> _MATERIAL PROVIDED_:
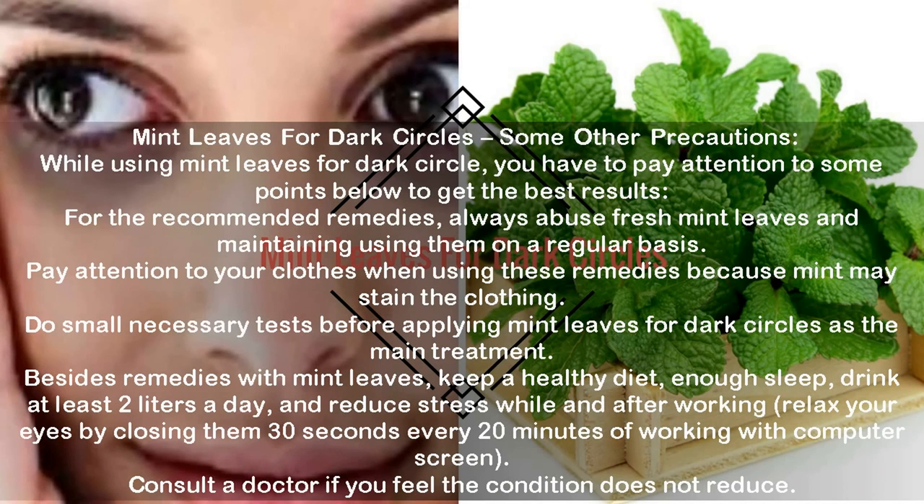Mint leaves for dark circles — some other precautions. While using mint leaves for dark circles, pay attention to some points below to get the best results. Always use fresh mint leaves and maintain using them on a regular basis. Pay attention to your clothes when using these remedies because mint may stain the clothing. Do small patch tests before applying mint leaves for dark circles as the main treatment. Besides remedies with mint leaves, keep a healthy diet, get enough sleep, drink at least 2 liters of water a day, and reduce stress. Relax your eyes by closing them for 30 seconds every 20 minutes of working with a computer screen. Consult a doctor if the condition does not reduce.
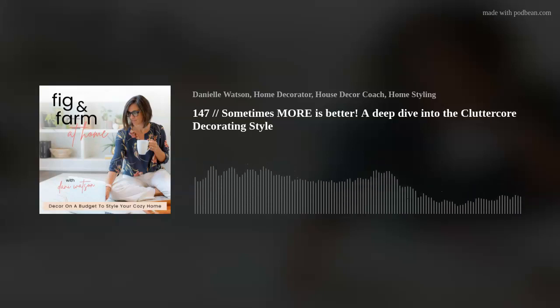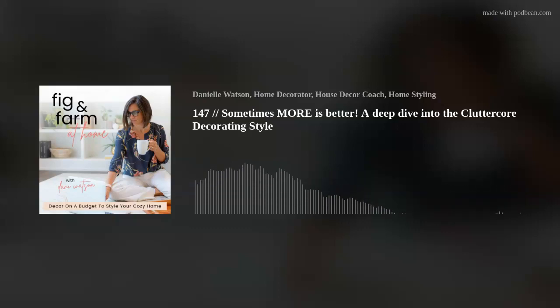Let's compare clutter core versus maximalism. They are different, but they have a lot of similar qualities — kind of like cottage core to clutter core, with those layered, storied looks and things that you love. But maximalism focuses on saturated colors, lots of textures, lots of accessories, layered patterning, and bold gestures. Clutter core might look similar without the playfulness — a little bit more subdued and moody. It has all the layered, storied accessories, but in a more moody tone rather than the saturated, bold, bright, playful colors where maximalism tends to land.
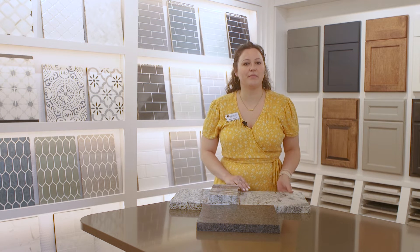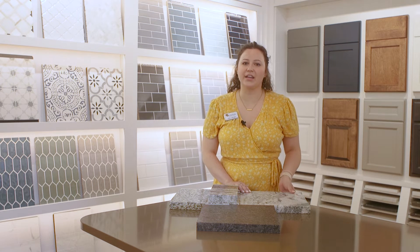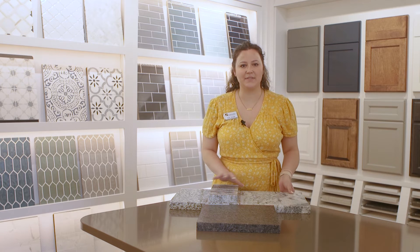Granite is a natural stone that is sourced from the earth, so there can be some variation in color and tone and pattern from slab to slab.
...
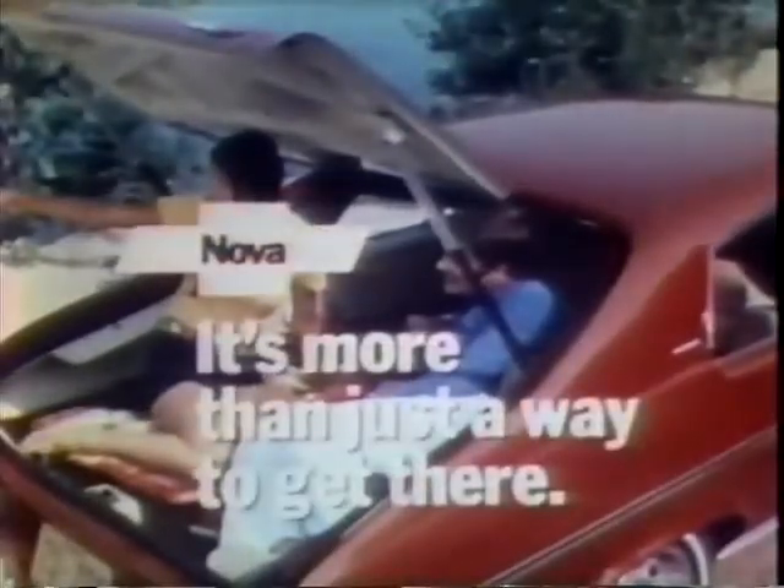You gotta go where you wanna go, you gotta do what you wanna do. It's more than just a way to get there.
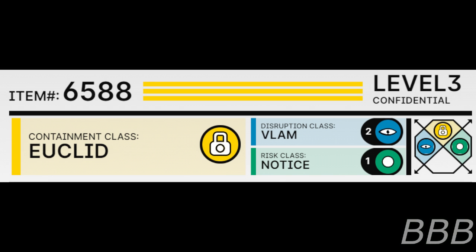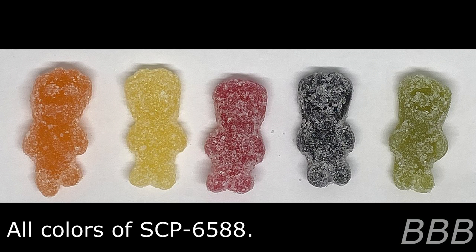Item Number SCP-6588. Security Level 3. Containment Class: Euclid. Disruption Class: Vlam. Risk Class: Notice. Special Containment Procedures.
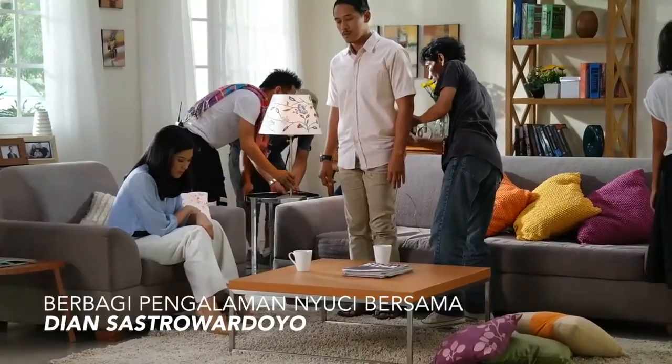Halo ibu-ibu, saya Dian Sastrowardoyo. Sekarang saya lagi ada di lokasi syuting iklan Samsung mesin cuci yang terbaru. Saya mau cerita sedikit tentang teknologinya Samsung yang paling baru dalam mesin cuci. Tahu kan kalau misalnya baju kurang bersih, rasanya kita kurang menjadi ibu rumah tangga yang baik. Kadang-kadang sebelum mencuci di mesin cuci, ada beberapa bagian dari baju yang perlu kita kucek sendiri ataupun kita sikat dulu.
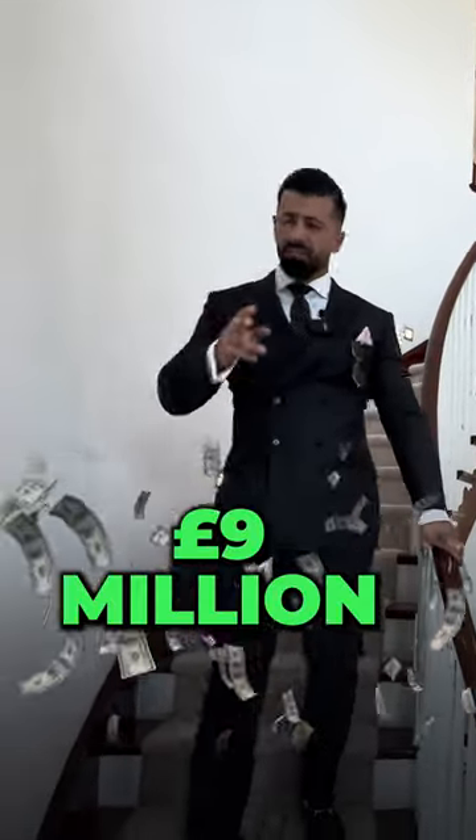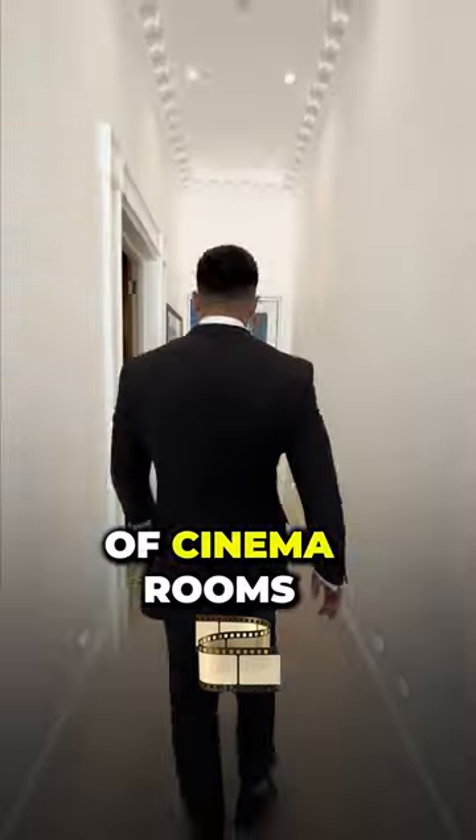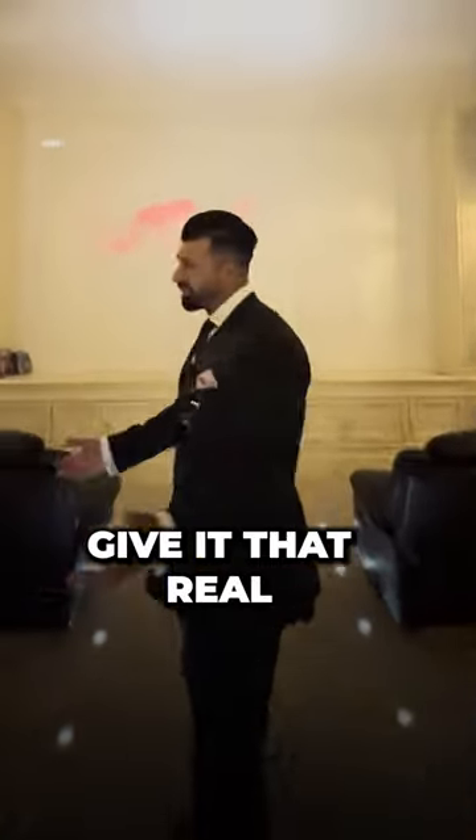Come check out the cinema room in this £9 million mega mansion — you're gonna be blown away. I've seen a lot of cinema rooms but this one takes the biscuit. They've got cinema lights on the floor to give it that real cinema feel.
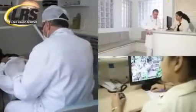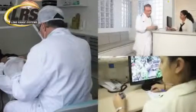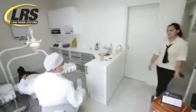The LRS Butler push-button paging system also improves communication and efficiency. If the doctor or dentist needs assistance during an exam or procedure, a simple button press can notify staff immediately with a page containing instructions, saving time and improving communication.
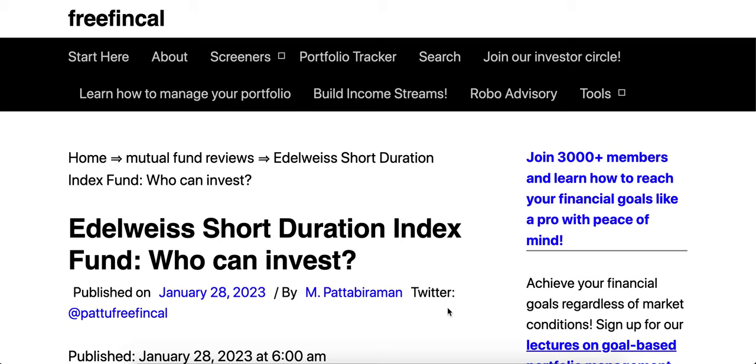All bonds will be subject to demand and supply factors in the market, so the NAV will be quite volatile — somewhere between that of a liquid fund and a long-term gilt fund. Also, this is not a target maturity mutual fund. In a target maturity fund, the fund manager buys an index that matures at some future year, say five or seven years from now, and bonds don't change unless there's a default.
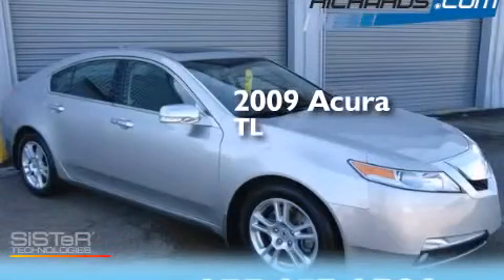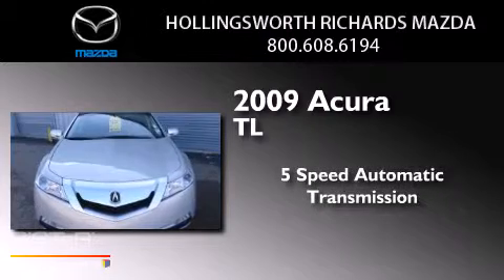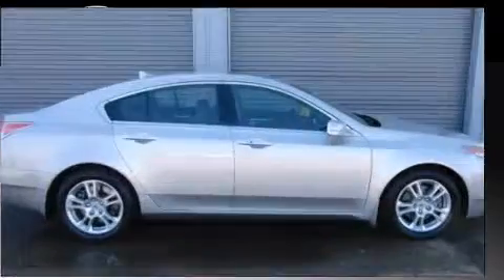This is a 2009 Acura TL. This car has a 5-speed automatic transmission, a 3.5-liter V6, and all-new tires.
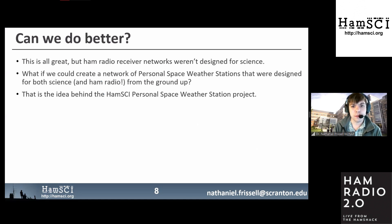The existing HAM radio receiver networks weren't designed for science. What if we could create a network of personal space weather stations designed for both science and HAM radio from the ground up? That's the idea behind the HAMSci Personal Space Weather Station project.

> _WORK TO COMPLETE_:
From the records above, copy only the lines running from the line holding "You gotta go" through the line holding "Item Number SCP-6588.", with no pictures.

> _EXERCISE OUTPUT_:
You gotta go where you wanna go, you gotta do what you wanna do. It's more than just a way to get there.
Item Number SCP-6588. Security Level 3. Containment Class: Euclid. Disruption Class: Vlam. Risk Class: Notice. Special Containment Procedures.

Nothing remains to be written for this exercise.